Bahnke noted that the law reads: “the director shall, as soon as practicable and in accordance with a schedule established by the director by rule, notify by United States mail and any other means authorized by the director, each applicant not already registered to vote at the address provided in the applicant’s application (1) of the processes to (A) decline to be registered as a voter; (B) maintain an existing voter registration or be newly registered at a valid place of residence not provided in the applicant’s application; and (C) adopt a political party affiliation; and (2) that failure to respond to the notification shall constitute the applicant’s consent to cancel any registration to vote in another jurisdiction. (I) If an applicant does not decline to be registered as a voter within 30 calendar days after the director issues the notification, the application under AS 43.23.015 will constitute a completed registration form. The name of the applicant shall be placed on the master register if the director determines that the person is qualified to vote under AS 15.05.010, and the director shall forward to the applicant a registration card. If registration is denied, the applicant shall immediately be informed in writing that registration was denied and the reason for denial.”

The deadline for voters to register or update their registration for the Aug. 21, Primary Election was on July 22.

Bahnke says the division is instructing voters who didn’t want their registration to be updated for the Primary to vote a questioned ballot at their polling place, and their ballot will be reviewed by a Regional Review Board following Primary Election Day.

According to Nees, it looks like about half of the 84,000 reassigned voters will end up being legitimate changes, but that still leaves some 40,000 or more that may not be correct.

And that is a very big concern. Having tens of thousands of additional voters casting a questioned ballot could clog up the polls on Election Day, and having the delayed results of elections could take days in some close races.

The questioned ballots that would need to be evaluated would require ballot counting watchers from each party to oversee the work, tying up resources that campaigns could use elsewhere in preparing for what is a very short sprint to the General Election.

“None of this was contemplated by statute,”  Babcock said.

Unilaterally using one government form — a PFD application — to override all other government forms is yet another misstep in a series of troubling mistakes made by this Division of Elections in the past three years.

Look up your voter information at Division of Elections

 

3 COMMENTS

  1. well… maybe I want to vote in Palmer! after all, I kinda work there sometimes, and have a vested interest in their politics.

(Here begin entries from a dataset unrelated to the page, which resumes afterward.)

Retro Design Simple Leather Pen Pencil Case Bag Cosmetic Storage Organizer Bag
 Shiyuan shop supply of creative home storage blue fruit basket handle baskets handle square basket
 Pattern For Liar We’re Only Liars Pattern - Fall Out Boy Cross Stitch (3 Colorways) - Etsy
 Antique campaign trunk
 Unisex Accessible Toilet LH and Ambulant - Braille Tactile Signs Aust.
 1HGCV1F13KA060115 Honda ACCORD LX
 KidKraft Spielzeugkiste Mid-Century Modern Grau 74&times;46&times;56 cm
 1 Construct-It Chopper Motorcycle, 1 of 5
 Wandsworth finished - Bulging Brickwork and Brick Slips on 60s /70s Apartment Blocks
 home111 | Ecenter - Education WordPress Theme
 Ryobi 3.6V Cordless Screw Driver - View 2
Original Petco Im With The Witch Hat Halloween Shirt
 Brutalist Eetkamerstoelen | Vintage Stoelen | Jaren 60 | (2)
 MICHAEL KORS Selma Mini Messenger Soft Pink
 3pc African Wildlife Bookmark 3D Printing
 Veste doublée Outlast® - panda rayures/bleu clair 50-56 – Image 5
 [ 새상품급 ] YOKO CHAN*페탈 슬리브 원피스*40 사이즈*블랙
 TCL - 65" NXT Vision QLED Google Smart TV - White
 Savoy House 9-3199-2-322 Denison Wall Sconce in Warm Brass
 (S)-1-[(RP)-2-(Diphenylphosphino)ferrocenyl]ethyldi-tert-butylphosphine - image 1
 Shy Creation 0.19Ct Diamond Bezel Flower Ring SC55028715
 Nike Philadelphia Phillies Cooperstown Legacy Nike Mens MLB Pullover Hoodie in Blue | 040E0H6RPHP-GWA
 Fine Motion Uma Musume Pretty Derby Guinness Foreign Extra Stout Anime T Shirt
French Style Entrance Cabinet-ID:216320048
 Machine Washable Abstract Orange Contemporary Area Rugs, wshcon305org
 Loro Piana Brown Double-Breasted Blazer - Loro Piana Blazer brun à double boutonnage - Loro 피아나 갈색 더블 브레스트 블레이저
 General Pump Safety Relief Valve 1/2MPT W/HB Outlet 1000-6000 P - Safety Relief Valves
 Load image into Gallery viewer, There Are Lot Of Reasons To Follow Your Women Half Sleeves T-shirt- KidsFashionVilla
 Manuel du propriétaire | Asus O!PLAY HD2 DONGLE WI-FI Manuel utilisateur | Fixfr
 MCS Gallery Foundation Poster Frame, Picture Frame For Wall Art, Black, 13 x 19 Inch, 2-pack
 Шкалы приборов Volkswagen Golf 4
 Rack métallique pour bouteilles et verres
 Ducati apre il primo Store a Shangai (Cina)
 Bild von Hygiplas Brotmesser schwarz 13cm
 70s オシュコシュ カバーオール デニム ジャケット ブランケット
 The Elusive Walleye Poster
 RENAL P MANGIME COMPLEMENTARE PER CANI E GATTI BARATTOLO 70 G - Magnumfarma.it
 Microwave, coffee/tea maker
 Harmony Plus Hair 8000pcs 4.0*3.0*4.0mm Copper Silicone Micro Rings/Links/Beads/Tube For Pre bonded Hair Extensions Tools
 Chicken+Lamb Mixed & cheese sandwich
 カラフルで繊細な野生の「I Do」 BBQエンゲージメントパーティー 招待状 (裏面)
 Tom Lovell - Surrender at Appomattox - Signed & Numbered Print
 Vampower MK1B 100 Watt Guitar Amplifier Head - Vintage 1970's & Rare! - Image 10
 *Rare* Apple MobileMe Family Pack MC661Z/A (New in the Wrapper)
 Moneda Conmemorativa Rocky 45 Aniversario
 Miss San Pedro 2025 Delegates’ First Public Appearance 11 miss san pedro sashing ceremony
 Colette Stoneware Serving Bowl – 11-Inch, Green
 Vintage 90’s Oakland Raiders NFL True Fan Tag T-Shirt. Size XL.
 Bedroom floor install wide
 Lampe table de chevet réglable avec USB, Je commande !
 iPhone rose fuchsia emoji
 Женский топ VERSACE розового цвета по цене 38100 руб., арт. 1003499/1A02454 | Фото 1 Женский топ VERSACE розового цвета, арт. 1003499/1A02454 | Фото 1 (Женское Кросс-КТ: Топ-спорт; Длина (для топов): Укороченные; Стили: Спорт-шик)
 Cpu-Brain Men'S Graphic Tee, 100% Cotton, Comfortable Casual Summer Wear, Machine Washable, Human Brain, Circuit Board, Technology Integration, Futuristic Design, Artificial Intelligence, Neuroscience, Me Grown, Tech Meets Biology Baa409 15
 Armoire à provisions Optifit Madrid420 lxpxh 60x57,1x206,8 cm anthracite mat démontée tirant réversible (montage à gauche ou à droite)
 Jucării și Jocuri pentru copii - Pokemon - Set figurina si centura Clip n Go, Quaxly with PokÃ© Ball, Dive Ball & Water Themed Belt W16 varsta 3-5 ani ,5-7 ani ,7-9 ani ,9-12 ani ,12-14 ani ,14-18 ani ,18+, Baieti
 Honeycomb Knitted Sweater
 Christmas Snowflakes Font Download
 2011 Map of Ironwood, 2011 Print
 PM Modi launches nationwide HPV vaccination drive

No, where ever you live permanently is where you should have to cast your vote. I agree: Where you claim home for your PFD is where you should be registered.

  2. There are are a bunch of people who fish out of naknek, if your primary interest is keeping property taxes low in the Bristol Bay Borough you should live there. There is no other reason to be registered to vote there if you are not a resident. BTY the IRS home office exemption is much more than anything you would ever save by voting for conservatives in BBB. And if your tax home is anc and you are voting somewhere else you are committing fraud.

  3. No no no. Opting out by not returning a card you received in the mail is wrong. Only consider the cards that are returned. What if a guy is in a remote work site for 6 months like I used to be every year? Where is the Lt. Gov? Does he ever actually pay any attention to all the voter BS that happens? 2 ballots in the bush, vote by mail in Anchor town? Isn’t that his job. That and guarding the state seal. By the way we need to spend millions on a study to implement changing the state seal.